I can’t remember a time I didn’t want to be in a band. I knew not joining forces with similarly crazed people might mean I’d never be brave enough to create things and even if I did, I may never risk sharing them. Selfish? Maybe. Or lonely?
Maybe to “leave the house” is a metaphor for risking true vulnerability.
This job includes being a mirror or a blank screen for people to project onto and find themselves in. Being perceived in broad strokes will make you feel like a clown. Goofy and/or terrifying, depending on the day.
But as I’ve grown up, I’ve felt myself, little by little, let go of the tireless need for people to see me as “good”. Indeed, everyday I learn there is no such box to fit neatly into. It’s taken a lot of hard looks in the mirror, over many seasons of adulthood… but no longer do I question my ability to lead Paramore with integrity (and a healthy dose of dark and self-deprecating humor).

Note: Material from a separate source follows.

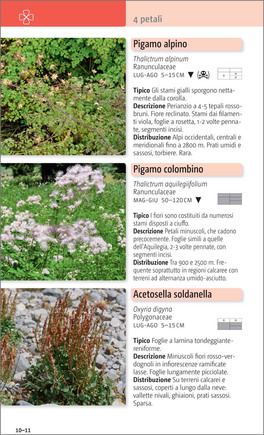 Fiori delle Alpi — Libro - 3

And just like a house can be a metaphor, so can a band. Paramore has been the vehicle by which me and my friends have learned our toughest lessons. It has kept us close and it has nearly killed us. You also have these metaphors in your life: What holds you back— what gives you courage— what force compels you to grow even when it’s uncomfortable or embarrassing.
(As for Paramore, the band, not the metaphor: We have crashed the van. We’re finding new ways. We have new maps. We are starting from point zero. And this time, we’re reading the fine print.)
Love to the ones who’ve needed our band the way we’ve needed it. Just know we are grateful.